Further, we have a variety of tools that aid in vulnerability detection, but are primarily implemented in a manner to help us prevent vulnerabilities from even being introduced. Read about them below.
Prevention
As described in the secure development document, we implement a number of security checks into the development process in order to prevent vulnerabilities from being introduced to our systems and software. Some of the tooling we use to implement these checks are:
- Software composition analysis - We use GitHub Advanced Security Dependency Review in our CI/CD pipelines to identify vulnerabilities in open-source or third-party software packages used in our applications. The scanner checks all dependencies against a vulnerability database and will block builds if any vulnerabilities exist. We also continually monitor our established dependencies using Dependabot.
- Static code analysis - We use CodeQL in our CI/CD pipelines to perform static code analysis which flags code vulnerabilities and security hot-spots in addition to code quality checks. Quality gates have been established which require all security hot-spots to be reviewed before allowing a build to succeed.
- Secret scanning - We use GitHub Advanced Security to identify committed or leaked secrets (e.g., API keys, tokens, and credentials) in source code and pull requests. Identified secrets are blocked or remediated prior to merge, and exposed credentials are rotated in accordance with our incident response procedures.
- Infrastructure-as-Code (IaC) scanning - We integrate the Wiz CLI into our CI/CD pipeline to scan Terraform plans for security misconfigurations (consistent with CIS Level 2 requirements) before deployment. This includes controls to prevent unintended exposure and to enforce secure configuration baselines (e.g., blocking public S3 buckets or ensuring databases are encrypted).
By integrating all of these tools into our CI/CD pipelines, we significantly reduce the likelihood of service being deployed with new vulnerabilities present.
Additonally, an SBOM is generated for each container image using Syft (the Wiz CLI can also generate an SBOM). The container image and its associated build artifacts—including the SBOM and a Cosign signature—are stored together in the container registry. During deployment, the Kyverno admission controller verifies both the image signature and the SBOM to detect tampering and block untrusted images from being admitted to the cluster.
Resolution
Resolution of identified vulnerabilities is integrated with our software development processes. Vulnerabilities introduced during the development process are expected to be resolved before code is merged. Where vulnerabilities cannot be resolved immediately (e.g., recently disclosed open source dependencies), tasks are generated for remediation assigned to the appropriate development team with due dates set in accordance with our resolution timelines. Vulnerabilities identified through those means described in detection are prioritized based on their severity level. Severity levels are based on the CVSS v3 scores. Tickets are generated for the appropriate team with due dates set in accordance with our resolution timelines.

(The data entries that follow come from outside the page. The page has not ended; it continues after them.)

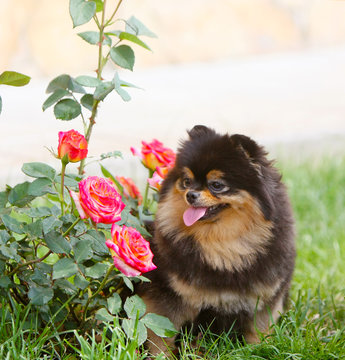 A beautiful black German breed dog sitting next to a bush of roses. The puppy looks at the bright flowers.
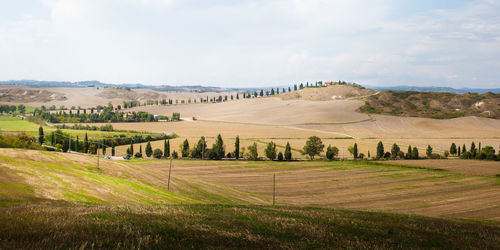 Scenic view of farm against sky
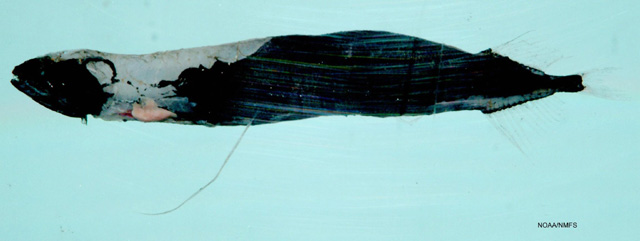 长羽深巨口鱼(Bathophilus longipinnis)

We make our best effort to resolve vulnerabilities based on severity within the following resolution times from identification:
| Severity | Resolution Time |
|---|---|
| High | 30 days |
| Moderate | 90 days |
| Low | 180 days |
The information security team provides oversight of the vulnerability remediation process by coordination with our product and engineering managers to ensure tasks are prioritized against our product road map appropriately.